Star Carr hit the headlines in 2010 when a circular Stone Age structure found was dated to about 8,500 BC.
Archaeologist Nicky Milner said working on the site was akin to time-travel.
“It’s as close as you can get to being in a Tardis. It was an absolute dream, it took up 15 years of my life,” Dr Milner said.
Ray Mears, bushcraft expert and TV presenter, was one of those who helped unlock the purpose of wood found at the site.
Star Carr is a Mesolithic, or Middle Stone Age, site near Scarborough in North Yorkshire dating to almost 11,000 years ago.
The earliest British examples of jewellery, carpentry and a hunting bow were found there.
“I want to bring the site alive for everyone, I want to imagine what its inhabitants were like,” she said.
“So it becomes more about the stories you can tell from what we are digging,” she said.
Other finds at Star Carr have included headdresses made from red deer skulls, thought to be used in rituals.

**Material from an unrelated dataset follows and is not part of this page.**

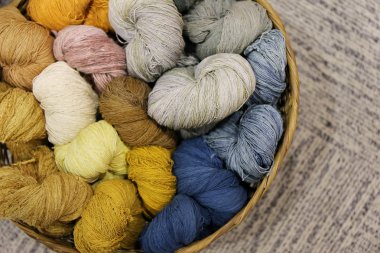 colorful cotton thread in basket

Excavation would only be a small part of an archaeologist’s work, with years of analysis to follow, said Dr Milner.
However, in the case of a “very, very rare” pendant marked with line, she said it was “the earliest artwork found but we will never know what the lines mean”.
With Mears’s help one piece of wood was recognised as Britain’s oldest complete bow.

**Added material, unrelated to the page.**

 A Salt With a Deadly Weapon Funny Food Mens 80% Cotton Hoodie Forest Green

“Ray was able to reconstruct the wood and make replica bows, he has worked with a lot of hunter gatherers and he’s got that kind of knowledge to get into the mind of hunters,” said Dr Milner.

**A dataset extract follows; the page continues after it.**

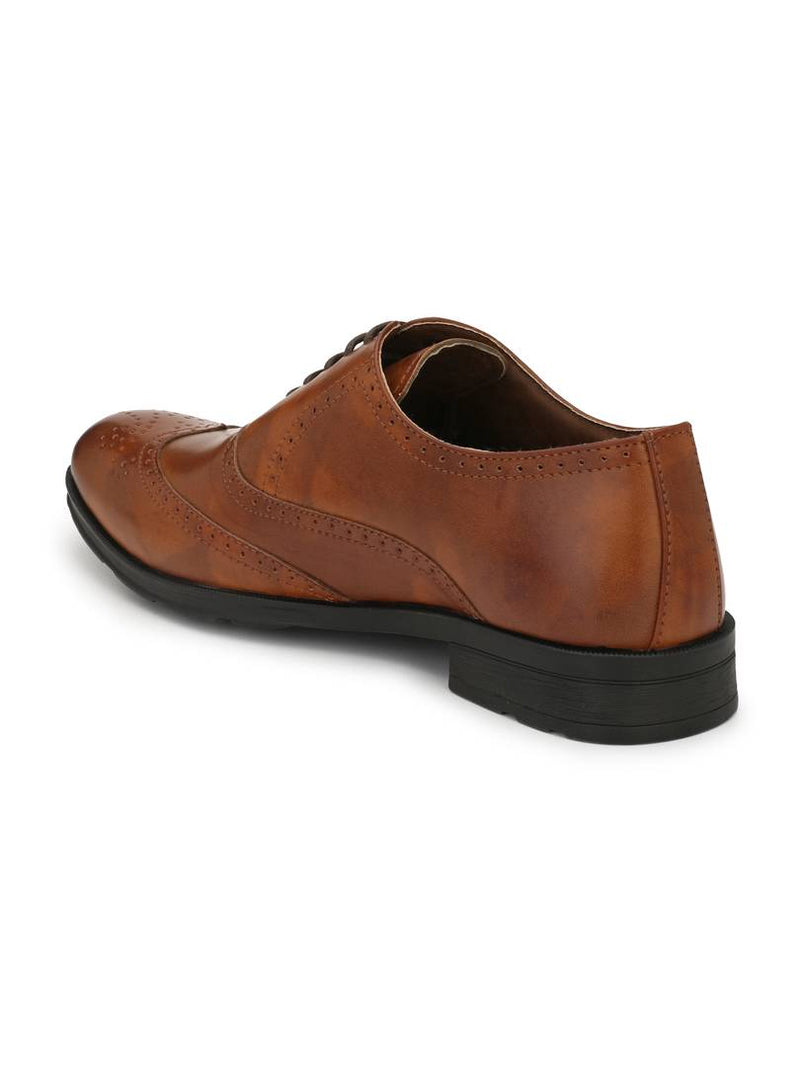 Men's Stylish and Trendy Tan Textured Synthetic Leather Formal Oxfords Shoes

One regret for Dr Milner is that Star Carr has not yielded “a single human bone” and only about 5% of the potential site has been dug, she estimated.
“We have only got a small piece of the picture, we are missing so much of the people’s lives, she added.
- The Yorkshire museum called Star Carr “the most significant Mesolithic site in Europe”
- The oldest remains of a house were found and up to three more have been excavated
- The house would have had a diameter of about 11ft (3.5m)
- John Moore, a local amateur archaeologist, carried out the first, small excavation at Star Carr in 1948
- The latest dig on the scheduled site started in 2004 and closed in 2015
- Other finds include long planks laid side by side at the edge of a former lake, the earliest carpentry known in Europe
- Dr Nicky Milner of the University of York, Dr Chantal Conneller of Newcastle University and Dr Barry Taylor of the University of Chester were the dig’s co-directors.